• What is being asked: Please retype the listing exactly as it appears, skipping each picture.

• Given material:
|---|
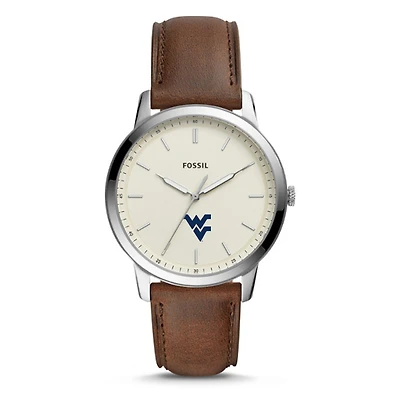 Men's Fossil West Virginia Mountaineers The Minimalist Leather Watch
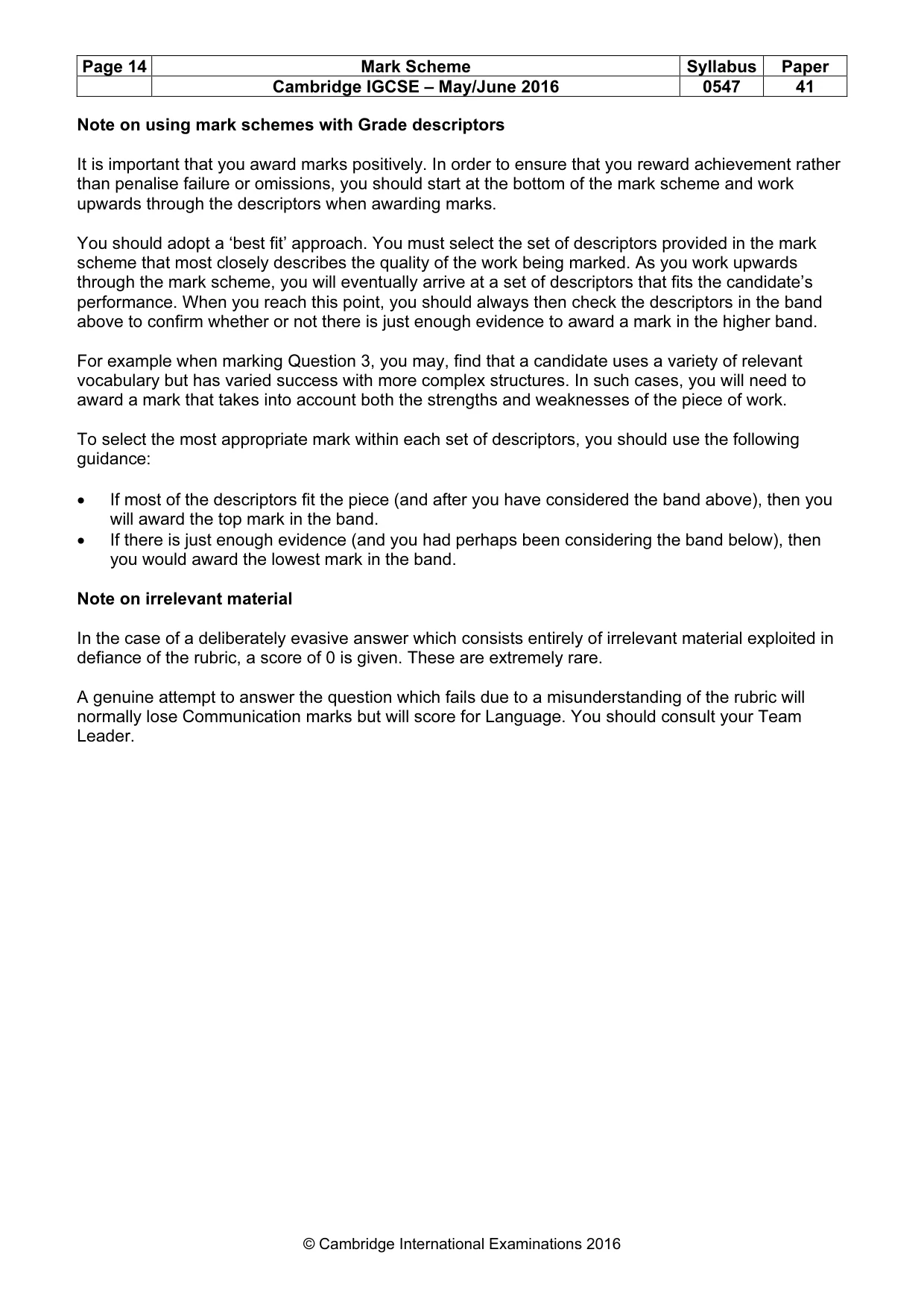 Mark scheme, page 14 of 14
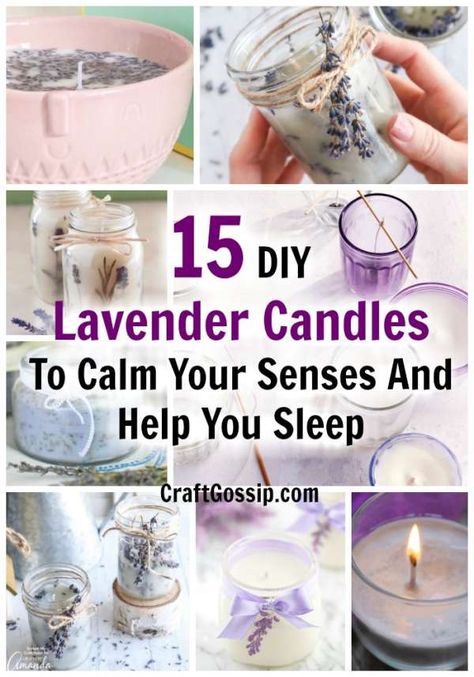 15 DIY Lavender Candles To Calm Your Senses And Help You Sleep – Candle Making Soy Candle Recipe, Lavender Candles Diy, Lavender Ideas, Candle Recipes, Candle Making Tutorial, Lavender Candles, Dried Flower Candles, Diy Lavender, Homemade Candle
|---|
• Solution to this exercise:
 Men's Fossil West Virginia Mountaineers The Minimalist Leather Watch
 Mark scheme, page 14 of 14
 15 DIY Lavender Candles To Calm Your Senses And Help You Sleep – Candle Making Soy Candle Recipe, Lavender Candles Diy, Lavender Ideas, Candle Recipes, Candle Making Tutorial, Lavender Candles, Dried Flower Candles, Diy Lavender, Homemade Candle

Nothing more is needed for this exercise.